No. 7925934. Sgt. Greenwood, R.T.
9th Battn. R.T.R.



Jess darling: This will only be a short note as we will be moving a wee bit later in the day… but I must let you know that I am absolutely O.K. I can’t even catch a cold, in spite of the weather-! It has rained hell-for-leather for the last few days, and we have been soaked… particularly our bedding. But, somehow, we manage to survive.

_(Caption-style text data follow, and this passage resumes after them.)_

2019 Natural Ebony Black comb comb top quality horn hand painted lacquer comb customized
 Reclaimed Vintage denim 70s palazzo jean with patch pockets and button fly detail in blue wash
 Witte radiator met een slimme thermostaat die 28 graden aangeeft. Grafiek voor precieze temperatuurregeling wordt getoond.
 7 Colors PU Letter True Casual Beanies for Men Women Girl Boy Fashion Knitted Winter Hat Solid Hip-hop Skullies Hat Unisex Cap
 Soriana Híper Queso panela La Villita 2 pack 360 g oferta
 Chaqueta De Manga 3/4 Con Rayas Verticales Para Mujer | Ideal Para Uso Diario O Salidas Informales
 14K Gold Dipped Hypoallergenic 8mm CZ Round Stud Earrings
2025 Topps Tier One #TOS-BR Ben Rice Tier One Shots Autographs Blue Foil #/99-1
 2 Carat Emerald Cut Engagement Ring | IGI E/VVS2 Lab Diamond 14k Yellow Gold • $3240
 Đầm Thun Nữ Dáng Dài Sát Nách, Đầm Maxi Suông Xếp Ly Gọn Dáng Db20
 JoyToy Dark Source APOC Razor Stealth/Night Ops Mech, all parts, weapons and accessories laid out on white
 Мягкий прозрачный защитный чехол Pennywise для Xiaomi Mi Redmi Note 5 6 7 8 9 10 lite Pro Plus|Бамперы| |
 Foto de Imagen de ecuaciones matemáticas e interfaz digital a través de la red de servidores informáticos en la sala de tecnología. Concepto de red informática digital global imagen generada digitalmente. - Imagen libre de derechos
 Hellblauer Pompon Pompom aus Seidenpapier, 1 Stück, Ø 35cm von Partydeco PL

The rain ceased last evening… fortunately for us because we had to sleep in the open. I lay by the roadside in my bed, gazing at a marvellously clear sky: it must have been a grand night for professional star gazers:- there wasn’t a cloud anywhere, not even a sign of mist. I think I ultimately fell asleep counting shooting stars. It wasn’t so good getting up at 6.30 this morning: there was a definite autumn nip in the air. But the sun came out later, and it is now fairly mild… with a cool breeze.

I received another letter yesterday, my darling: the one dated Sept 3rd. Your kind words make lovely reading. I know you are looking forward to my homecoming… but can you imagine what home means to me? Always, darling, it means Jess… first and foremost. And then our little Poppet… our son… And then… all those other things which help to make life worth living… I cannot even attempt to tell you how I have missed you in recent months, Jess. You have, as you know, been an inseparable part of my life for many years. I couldn’t even bear you to go away for a few days holiday, before we accompanied each other… do you remember? And since those days, I have learned to love and respect you a great deal more. And yet… we have had to live apart for so long: it is months even since I saw your dear face. This is the real hardship of war to me. Discomfort, danger, hunger etc… all these things are so trivial by comparison: I could easily endure them forever, given the priceless compensation of your presence… with all that it means. But I believe you are right in saying that our enforced separation has enhanced our love. For myself, I know, as I couldn’t know before, that my love for you is a very real thing. And I know too that your influence is a tremendous factor in my life. I am always conscious of it… and always deeply grateful for it. You help me every day of my life… even though we are so far apart.

And now, we have our little Poppet to enrich our lives… and it is upon you that the burden of rearing him has descended. I know you will deny my use of the word ‘burden’… but such it is – Nevertheless, you have not failed… you never admit defeat, do you!.. and I know that I will be coming home to a grand little fellow. Oh, how I admire your spirit and courage… your determination. I lack these qualities, Jess… but I hope my son will inherit them from you. I think he will.

At the moment, we are harboured close to a small village… and I think the entire population have been around us this morning. My head is in a whirl trying to understand their rapid conversation. As usual, we have parted with loads of ciggys, and eatables. Ciggys seem to be worth their weight in gold to these French people: they apparently got very few under the German regime. Many of the men are smoking a home grown tobacco, but it is vile stuff, and they always beg our ciggys. The latest item in the begging line is “essence” – petrol… and I don’t think it is always wanted for petrol lighters, either! My/your lighter is still going strong: I wouldn’t part with it for anything. In fact, it now ranks second in importance to my fountain pen, amongst my kit.

Forgive me darling… Must leave you now. Hope to write again tomorrow.

I love you Jess –


Your Trevy.

P.S. Grand news about the garden. I hope your mum and the boys continue with their help.